Exercise objective -> Go through the lines below and transcribe each one exactly.

Source material ->
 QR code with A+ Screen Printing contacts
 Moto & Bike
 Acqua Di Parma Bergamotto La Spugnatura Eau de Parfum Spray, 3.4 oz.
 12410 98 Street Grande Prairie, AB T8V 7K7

Result ->
 QR code with A+ Screen Printing contacts
 Moto & Bike
 Acqua Di Parma Bergamotto La Spugnatura Eau de Parfum Spray, 3.4 oz.
 12410 98 Street Grande Prairie, AB T8V 7K7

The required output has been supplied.